### Instructions to follow:
Only the lines from the top of the listing below through the line containing "Covered patio with" should be output, exactly and with no pictures.

### Given records:
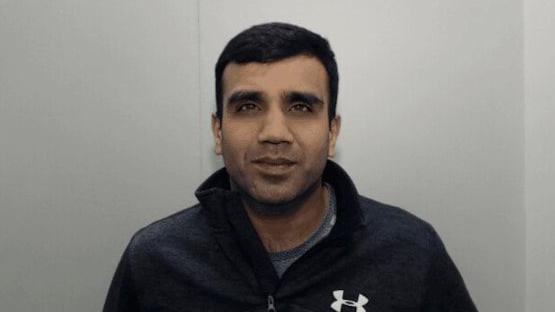 A police mugshot of Omar Din who is smirking at the camera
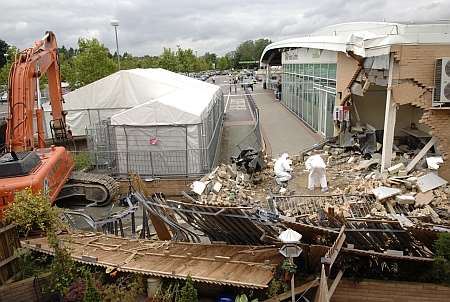 The raid at Asda in Greenhithe caused £120,000 worth of damage and a cash machine containing £160,000 was stolen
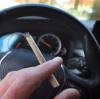 Ein Mann sitzt mit einem Joint zwischen den Fingern am Steuer eines Autos. Kiffen ist zwar inzwischen legal, Auto fahren mit THC im Blut jedoch nicht.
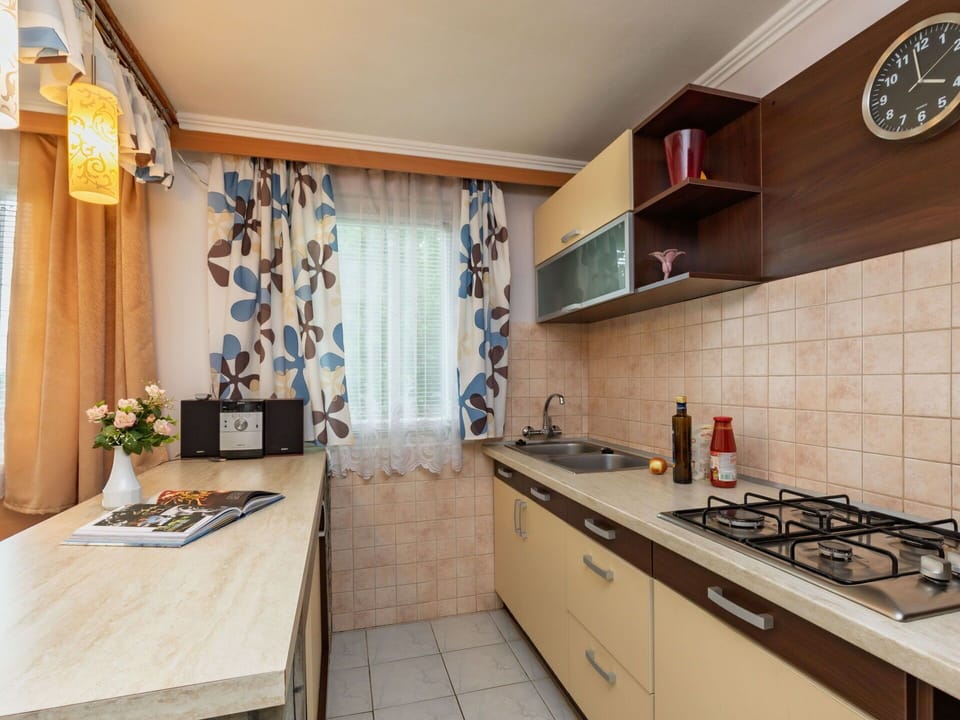 Interior Design, Countertop, Furniture, Kitchen, Flooring, Major Appliance, Cabinetry, Floor, Room, Home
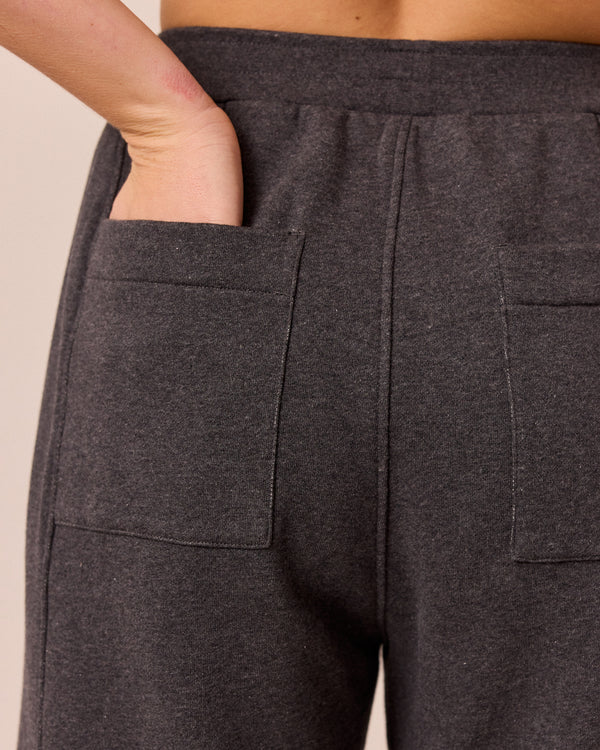 model wears lyra charcal fleeceback jersey trousers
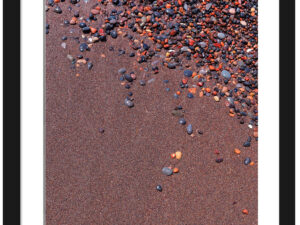Vibrant red sand and scattered colorful pebbles on a beach in Santorini, Greece.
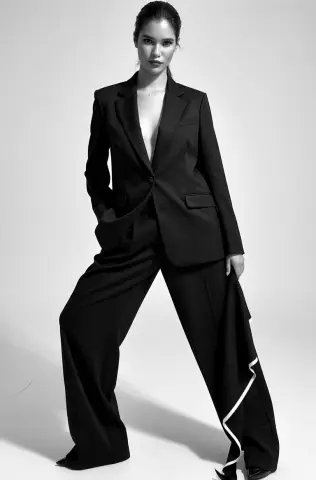 Elegant woman in a black tailored power suit posing in a minimalist studio setting with a sophisticated mood.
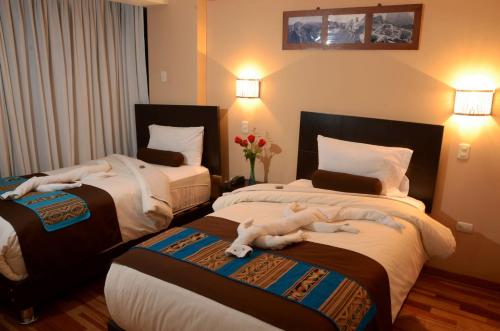 Tempat tidur dalam kamar di Kapac Inn Hotel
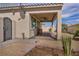 Covered patio with ceiling fan and desert landscaping and a brick walkway at 1108 Via Della Curia, Henderson, NV 89011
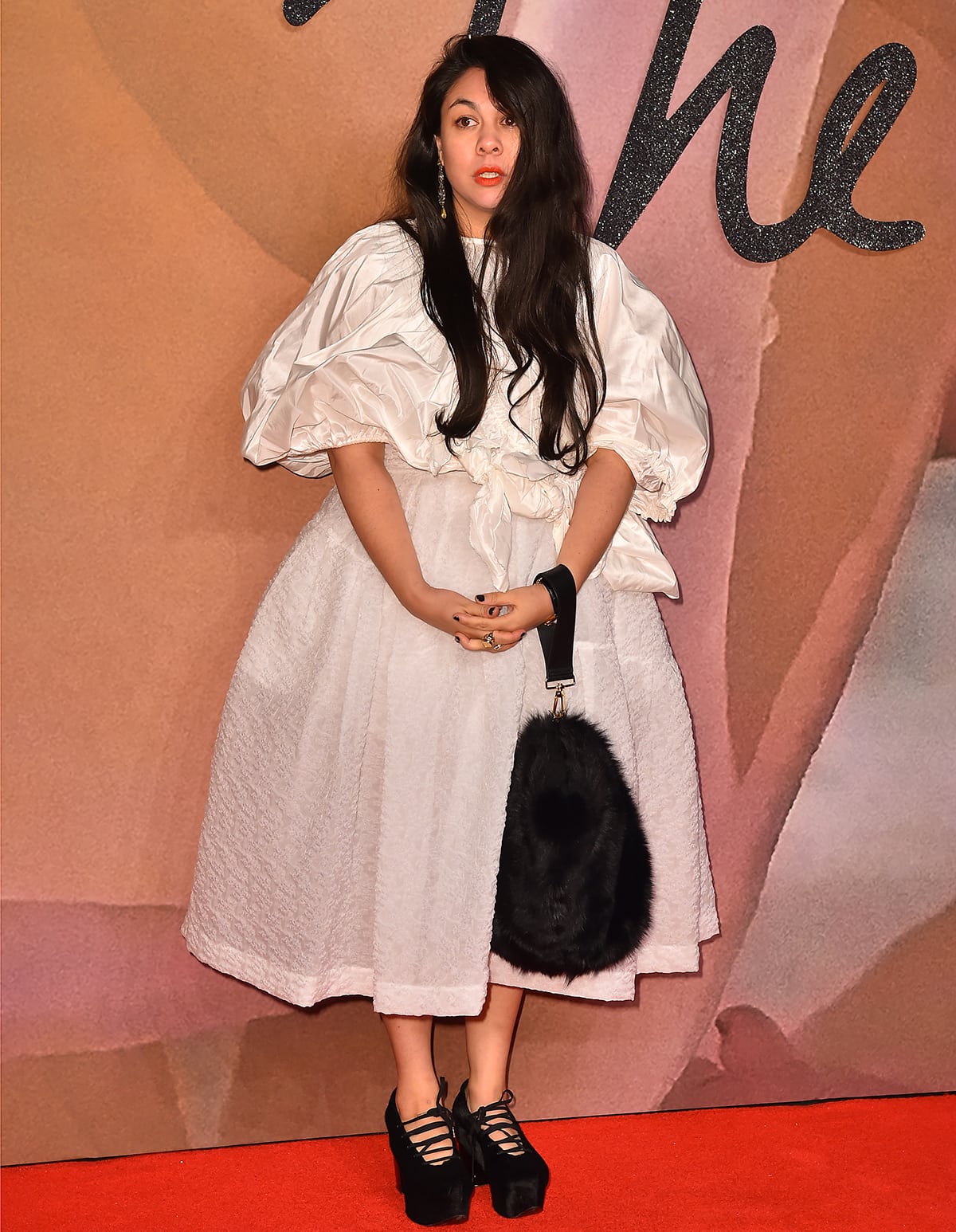 Simone Rocha got her start in fashion design by working at her father's studio and later studying at National College of Art and Design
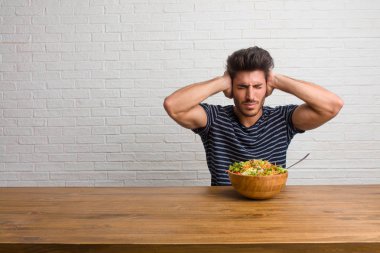 Eller, kızgın ve bazı ses işitme yorgun kulaklarıyla kapsayan bir masada oturan genç yakışıklı ve doğal adam. Taze bir salata yemek.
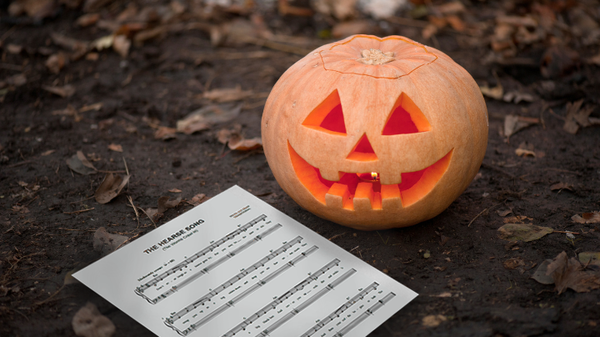 "The Hearse Song" sheet music next to carved pumpkin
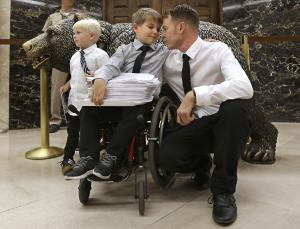 Otto Coleman, 6, waits outside the Governor&#39;s office&nbsp;&hellip;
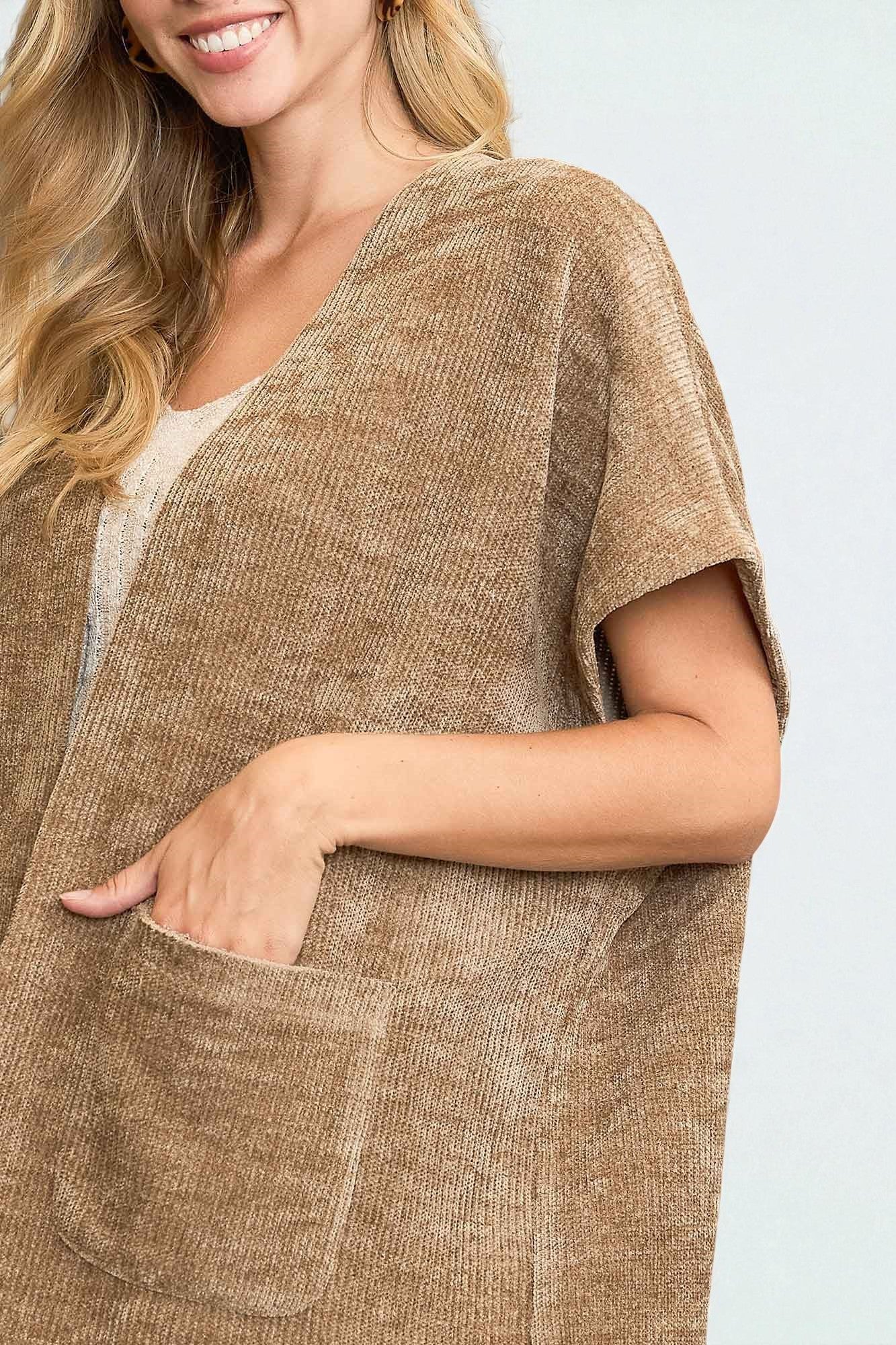 Woman wearing a brown textured cardigan on a light background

### Problem solution:
 A police mugshot of Omar Din who is smirking at the camera
 The raid at Asda in Greenhithe caused £120,000 worth of damage and a cash machine containing £160,000 was stolen
 Ein Mann sitzt mit einem Joint zwischen den Fingern am Steuer eines Autos. Kiffen ist zwar inzwischen legal, Auto fahren mit THC im Blut jedoch nicht.
 Interior Design, Countertop, Furniture, Kitchen, Flooring, Major Appliance, Cabinetry, Floor, Room, Home
 model wears lyra charcal fleeceback jersey trousers
Vibrant red sand and scattered colorful pebbles on a beach in Santorini, Greece.
 Elegant woman in a black tailored power suit posing in a minimalist studio setting with a sophisticated mood.
 Tempat tidur dalam kamar di Kapac Inn Hotel
 Covered patio with ceiling fan and desert landscaping and a brick walkway at 1108 Via Della Curia, Henderson, NV 89011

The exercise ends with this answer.